In che modo lei fa cultura?
"Da decenni mi occupo di grafica pubblicitaria e con il tempo sono diventato pittore, specializzandomi in una tecnica particolare: utilizzo il vino per realizzare i miei dipinti, intingendo il pennello nel calice. Il vino diventa il colore al quale unisco tratti di matita per delineare i contorni delle figure che creo. Le mie opere servono anche a fare pubblicità: tra i miei committenti ci sono aziende vinicole e, per promuoverle, mi lascio ispirare dalle particolarità dei singoli prodotti, che utilizzo fisicamente per i dipinti.

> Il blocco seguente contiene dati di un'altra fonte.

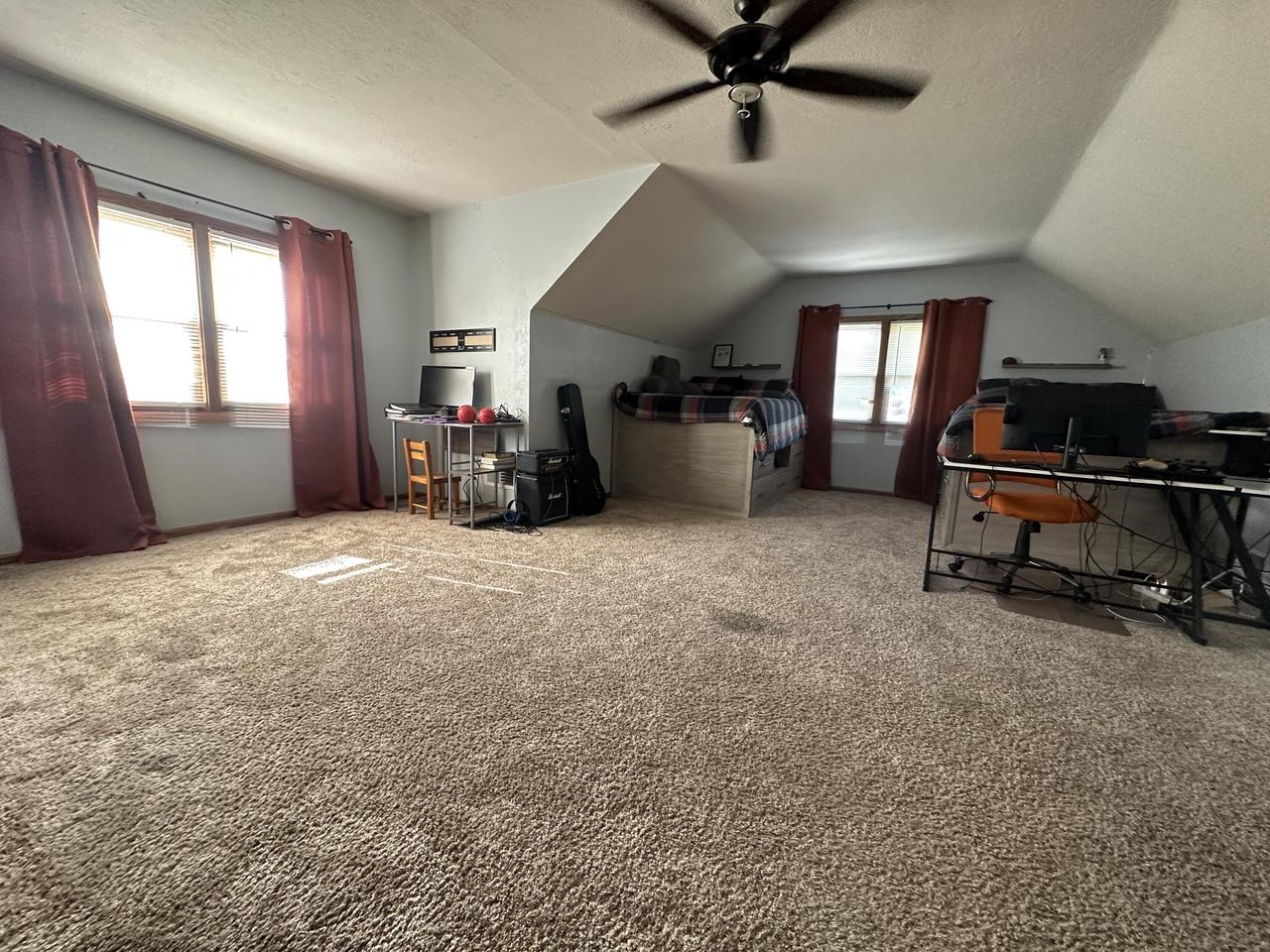 2006 15th STREET SOUTH South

Mi sono esibito anche dal vivo, affiancando musicisti con la mia pittura. Per esempio ho condiviso una serata con Tullio De Piscopo nel 2008, al Teatro Fellini".
Lei lavora a Milano. Ha portato anche a Rozzano la sua arte?
"Sì. Ho collaborato con le amministrazioni in passato, in particolare tra gli anni ‘90 e la prima decade del Duemila. Sono stato parte attiva in iniziative ed eventi; la serata a cui accennavo prima era del 2008. Con il passare del tempo, però, la linfa data alla cultura è stata sempre meno. Noto che anche il teatro funziona “a intermittenza”. Io mi metto a disposizione: voglio dire al sindaco, anche attraverso queste pagine, che ci sono. E chiamo a raccolta tutti i creativi di Rozzano. Insieme possiamo fare qualcosa di grande. Voglio che Rozzano sia un bel posto in cui vivere e fermarsi. Senza negare i problemi, naturalmente, che ci sono ma si possono affrontare. La mia è una proposta dai toni garbati perché sono stufo di sentir parlare del paese come del Bronx".
Quale è il suo obiettivo?
"Ricostruire un tessuto sociale che manca, attraverso attività culturali in grado di attrarre le persone di ogni età. Bisogna creare i presupposti per invogliare i cittadini a fermarsi, con concerti, mostre, laboratori. Io vedo i ragazzi “incattiviti”, salgono e scendono dal 15 come anime in pena. Io non perdo le speranze, convinto che se a questi ragazzi saremo in grado di insegnare la bellezza non arriveranno a delinquere".